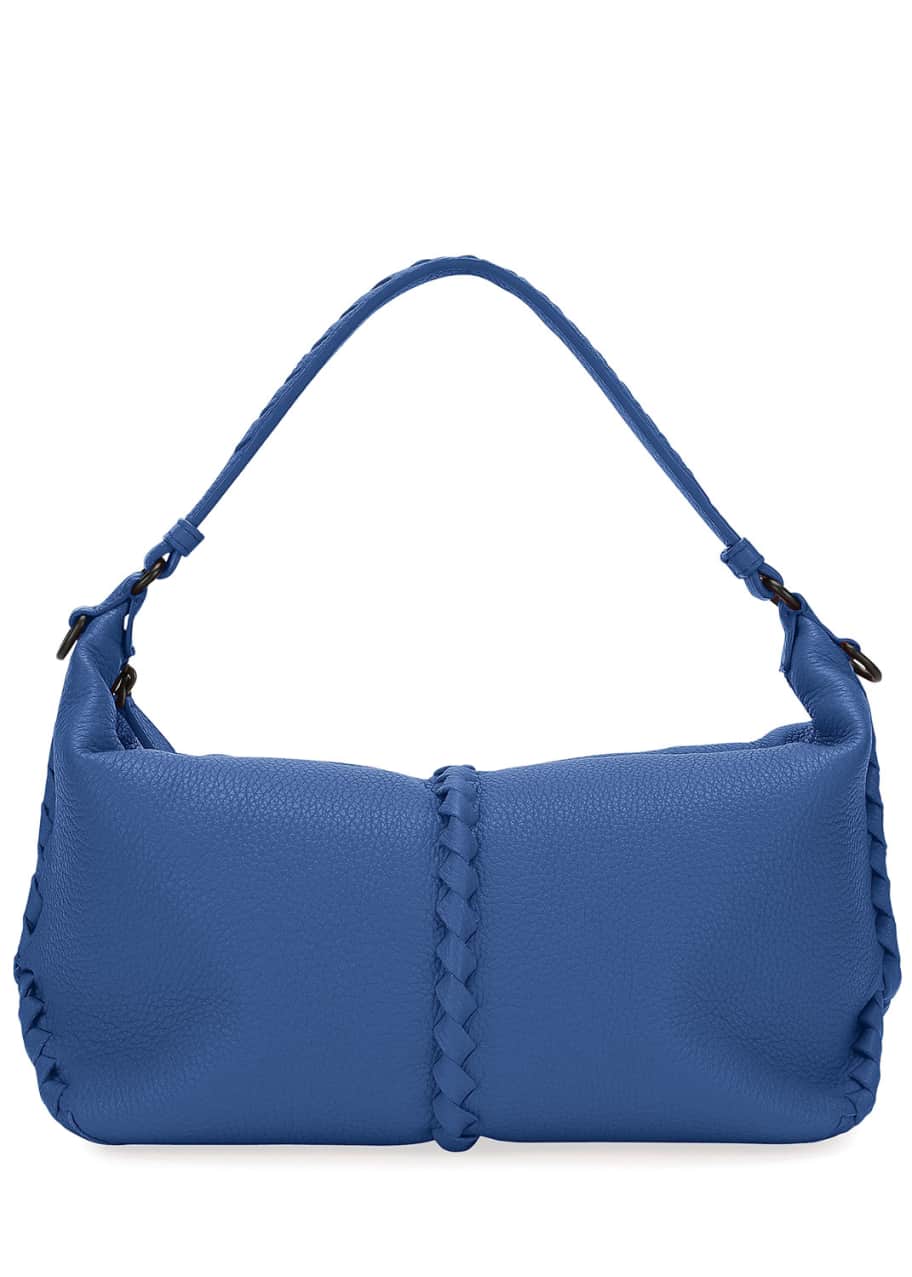 Bottega veneta cervo hobo top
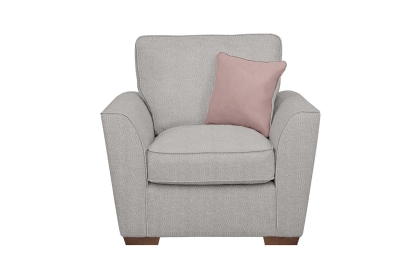 Fantasy Chair Fantasy Chair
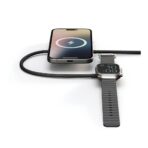 Zens Charging Cable Pro 2 - Slika 3
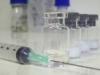 Photo for Global Recombinant Animal Vaccine Market Research Report 2016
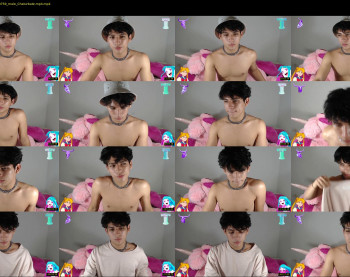 luka_verona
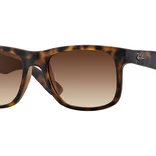 Ray-Ban Justin RB 4165 710/13 Ray-Ban Justin RB 4165 710/13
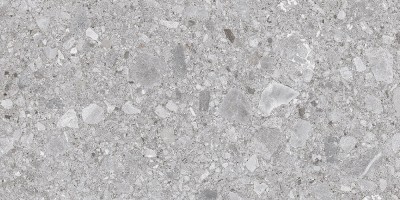 Gạch ốp lát 30x60 Đồng Tâm 3060NAPOLI004-H+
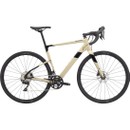 Cannondale Topstone Carbon 105 Disc Gravel Road Bike 2020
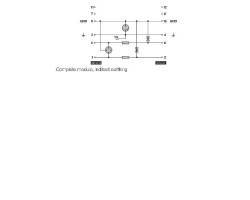 VSPC 2SL 24VDC EX Защита от перенапряжения (8953670000)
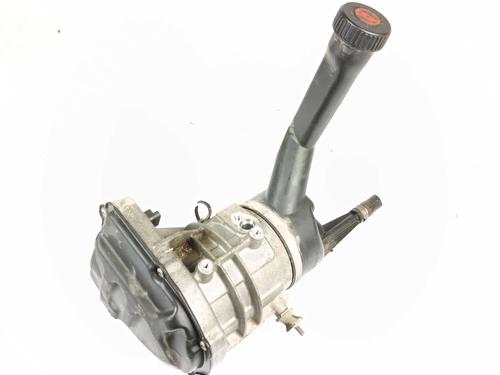Used Steering pump Steering pump 26707234 26707234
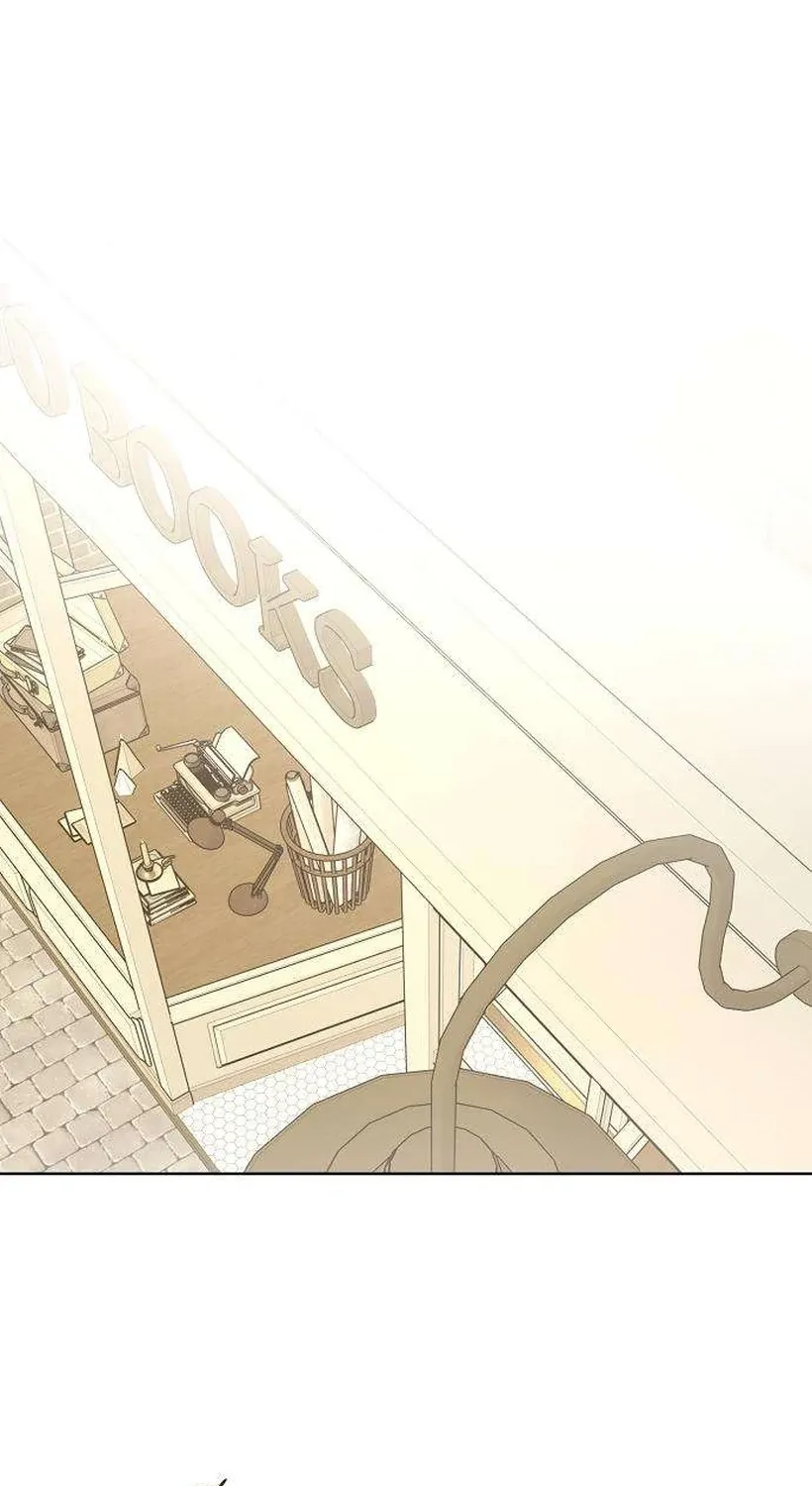 Dear Stranger (minggur) Chapter 9 page 35 -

## [Work required]
The output should hold only the lines from the one containing "Zens Charging Cable Pro 2 - Slika 3" through the last line of the listing, reproduced exactly, pictures omitted.

## [Written solution]
 Zens Charging Cable Pro 2 - Slika 3
 Photo for Global Recombinant Animal Vaccine Market Research Report 2016
 luka_verona
 Ray-Ban Justin RB 4165 710/13 Ray-Ban Justin RB 4165 710/13
 Gạch ốp lát 30x60 Đồng Tâm 3060NAPOLI004-H+
 Cannondale Topstone Carbon 105 Disc Gravel Road Bike 2020
 VSPC 2SL 24VDC EX Защита от перенапряжения (8953670000)
Used Steering pump Steering pump 26707234 26707234
 Dear Stranger (minggur) Chapter 9 page 35 -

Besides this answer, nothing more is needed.